Soraphen A eliminates the HER2-enhanced formation of mammospheres
We next examined whether treatment with soraphen A was sufficient to prevent the well-recognized ability of the oncogene HER2 to expand the breast CSC population. MCF-7 cells engineered to overexpress HER2 (MCF-7/HER2) exhibited a significantly increased ability to form mammospheres (3.8 ± 0.1%) compared to parental MCF-7 cells. However, this enhanced spheroid formation capability of MCF-7/HER2 cells was drastically reduced following treatment with soraphen A, which decreased the MSFE by 50% at ~3 nmol/L (i.e., a Soraphen A concentration 5 times lower than that needed to decrease MSFE by 50% in MCF-7 parental cells). The highest dose of the soraphen A (50 nmol/L) elicited inhibitory effects of ~80% compared to the basal MSFE found in untreated MCF-7/HER2 tumor sphere cultures (Fig. 2). Mammosphere formation was also drastically decreased by soraphen A treatment in SKBR3 cells, which are a natural model of HER2 overexpression and HER2 dependency for cell proliferation and survival (data not shown).
Similar to the results obtained with MCF-7 cells, the reductions in mammosphere formation were not due to non-specific soraphen A toxicity, as identical concentrations of the drug had no drastic impact on MCF-7/HER2 cell viability under adherent culture conditions. These findings strongly suggest that the mechanism of action targeted by nanomolar concentrations of soraphen A is not essential for the bulk breast cancer cell population.
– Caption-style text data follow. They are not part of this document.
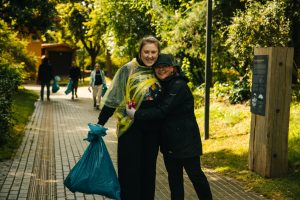„Darom prie jūros“ savanorės po pajūrio tvarkymo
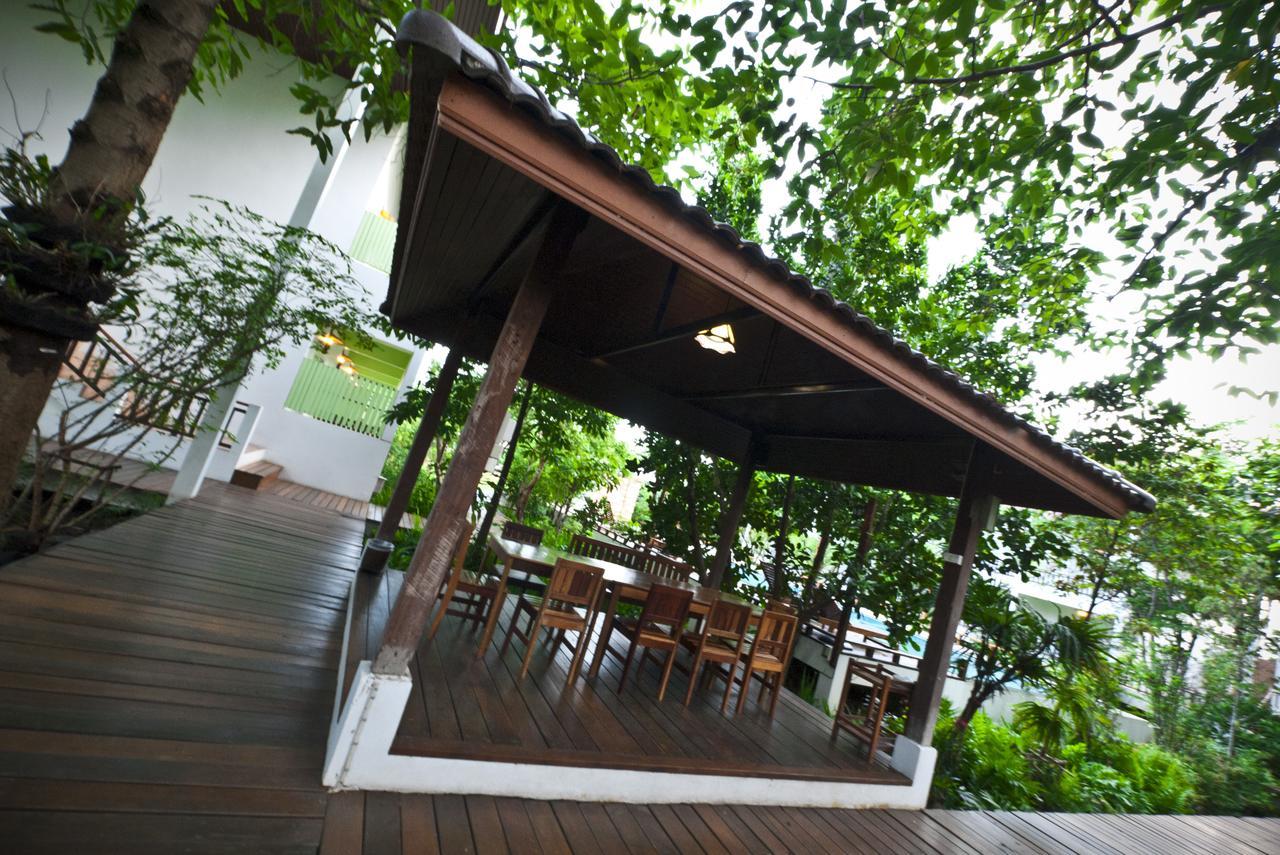 Tree House Hotel Sisaket Kültér fotó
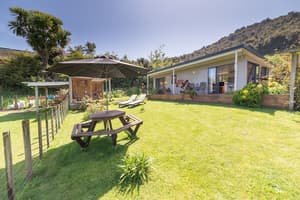 thumbnail: Terrace/patio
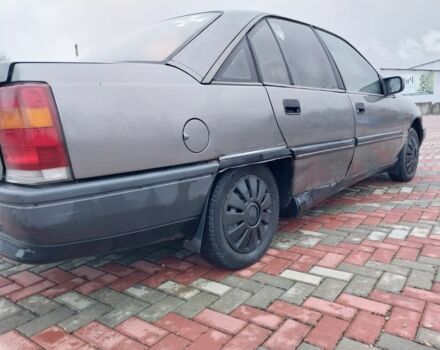 Серый Опель Омега, объемом двигателя 2 л и пробегом 450 тыс. км за 1500 $, фото 4 на Automoto.ua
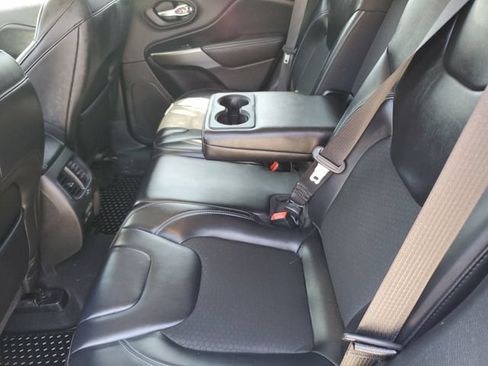 Used 2020 Jeep Cherokee Latitude Plus w/ Cold Weather Group AWD/4WD image 13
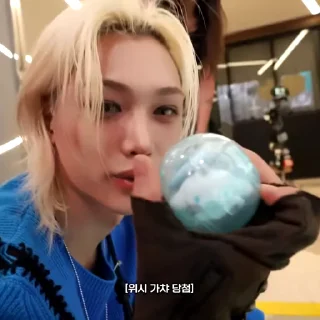 🎣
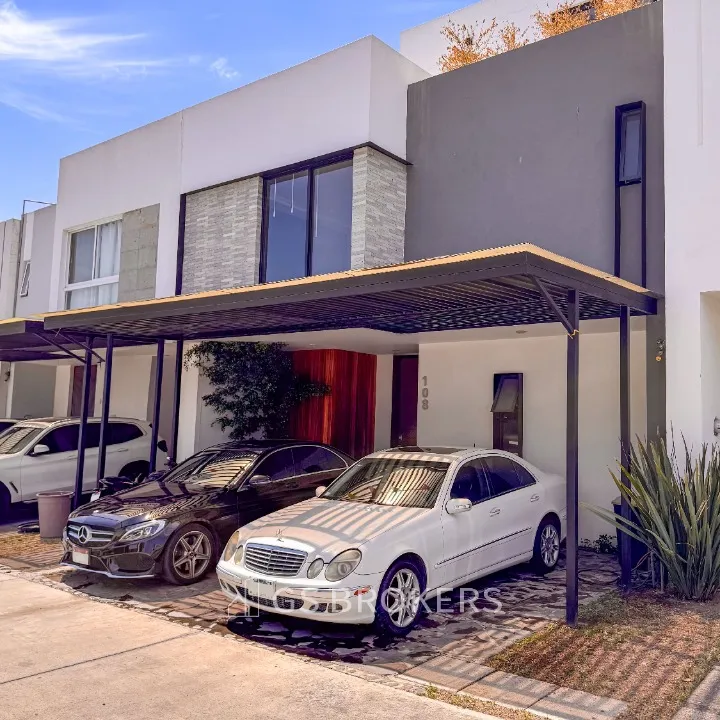 Casa en venta en Paseo del Amanecer, Solares Residencial, Zapopan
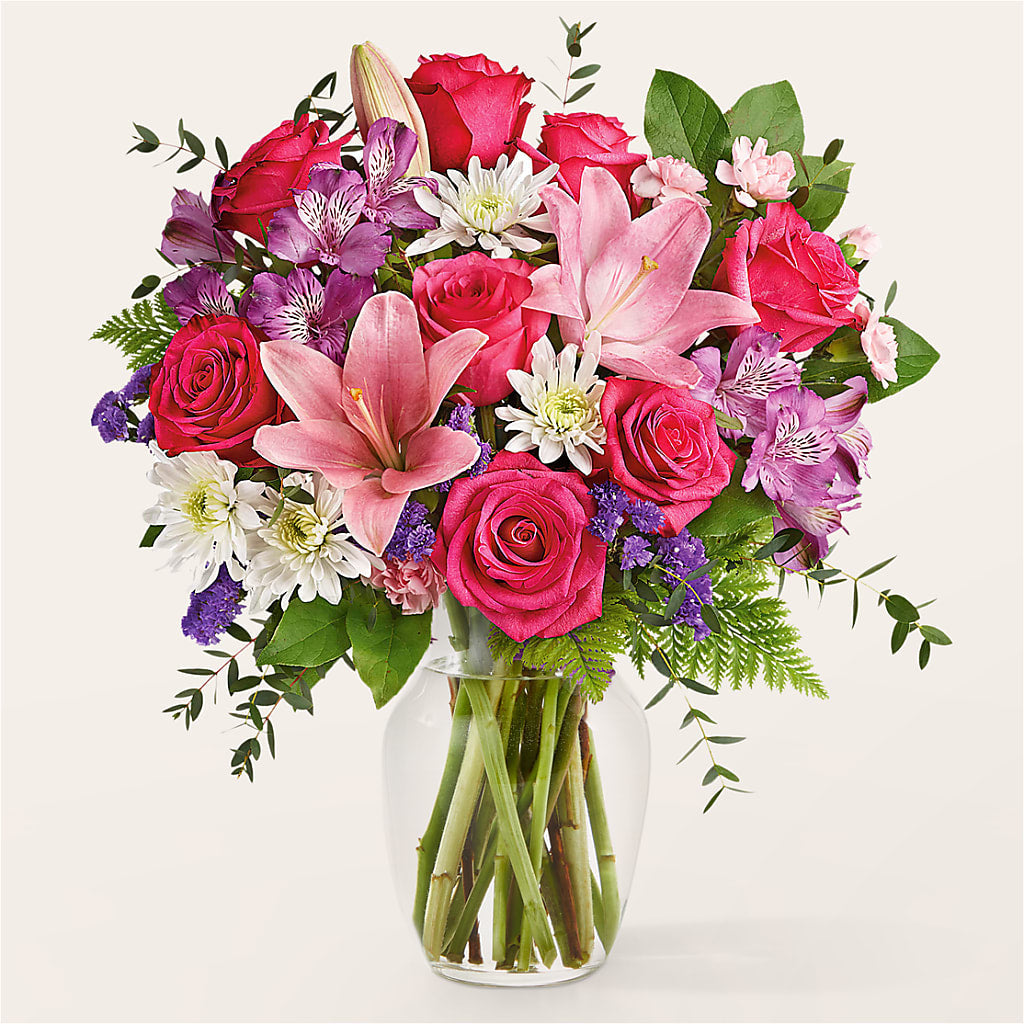 Lace & Pearls Bouquet – Fantasy Decorations And Flower Shop, Hawthorne CA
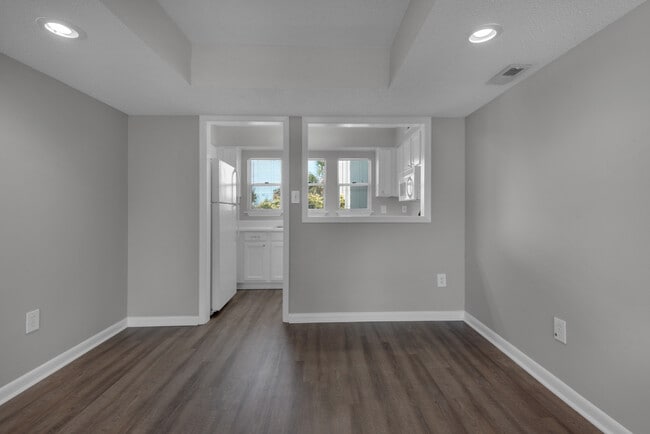 223 - Somerset Oceanside Apartments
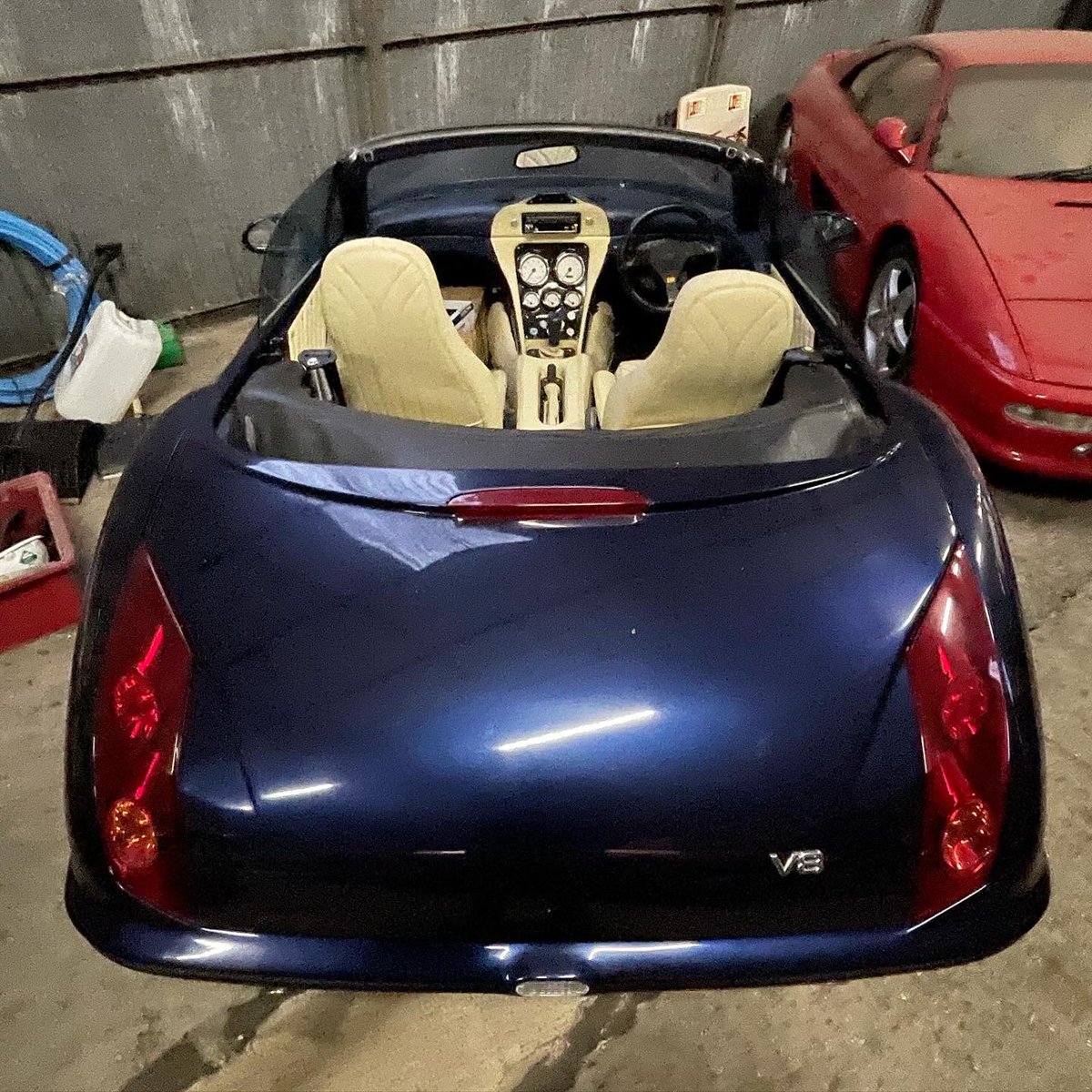 Popbangcolour's tweet image. Today’s 10 internet points: 

The model &amp;amp; brand of the car 🤔🚙

…and 5 bonus points for naming which make &amp;amp; model of car the rear light cluster originates from? 💡

 #internetpoints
Soraphen A decreases the percentage of breast cancer cells expressing the CSC marker ALDEFLUOR
The drastic decrease in mammosphere formation rates observed following treatment of MCF-7 and MCF-7/HER2 cancer cell populations with Soraphen A certainly provided preliminary insight as to the Soraphen A's mechanism of action, in particular to its putative ability to specifically remove CSCs from the bulk population. We therefore envisioned that Soraphen A might specifically suppress aldehyde dehydrogenase (ALDH)-positive CSC-like cells. Using flow cytometry and the ALDEFLUOR® reagent, we first confirmed the presence of an enhanced aldefluor-positive sub-population in MCF-7 and MCF-7/HER2 cells. In Soraphen A-naïve MCF-7 cell populations, approximately 2.4% of the cells expressed high ALDH activity (Fig. 3A). Interestingly, in Soraphen A-treated MCF-7 cell populations, solely 1.5% of the cells remained ALDH-positive. We confirmed that overexpression of HER2 increased the aldefluor-positive population almost twofold compared to MCF-7 parental cells; remarkably, the aldefluor-positive cell content drastically decreased from 4% in Soraphen A-naïve MCF-7/HER2 cell populations to 1.8% in Soraphen A-treated MCF-7/HER2 cells (Fig. 3B).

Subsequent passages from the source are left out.